Além da rica culinária, a capital paraense tem a seu favor a expectativa do aumento da demanda na COP30, conferência das Nações Unidas sobre mudança climática, em novembro, que aqueceu o mercado.
O chef Paulo Anijar, proprietário dos restaurantes Santa Chicória e Com’é?! Ristorante, vem sentindo os reflexos dessa concorrência.
Segundo ele, o movimento de turistas nos estabelecimentos aumentou 50% desde que a COP foi confirmada na cidade.

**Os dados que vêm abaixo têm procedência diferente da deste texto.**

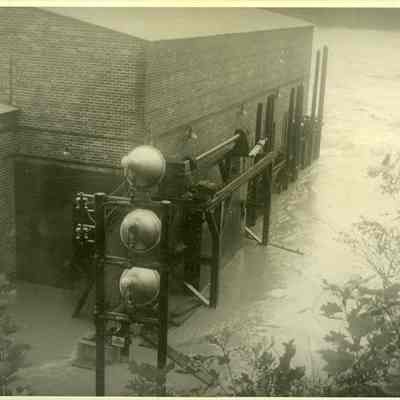 Back of Millville power plant during 1942 flood ~ ARC734-1g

Em contrapartida, estima que há um déficit entre 25% e 30% no quadro de funcionários em todas as áreas, devido à escassez de mão de obra qualificada.
Dois de seus cozinheiros pediram demissão após serem assediados por concorrentes. “Uma cozinheira, que queria ser promovida a chef sem ter atingido o nível de qualificação para isso, me avisou que ia sair porque recebeu uma proposta para receber o dobro em outro lugar”, conta o empresário.
Mas o caso mais emblemático foi o de um chef que recebia “mimos” para convencê-lo a trabalhar para o concorrente.
“Ele já tinha trabalhado em uma casa do gênero e começou a receber delivery de litros de açaí, diariamente, no meu restaurante. Eu disse que, se ele quisesse sair, não poderia fazer nada e ele pediu demissão”, conta.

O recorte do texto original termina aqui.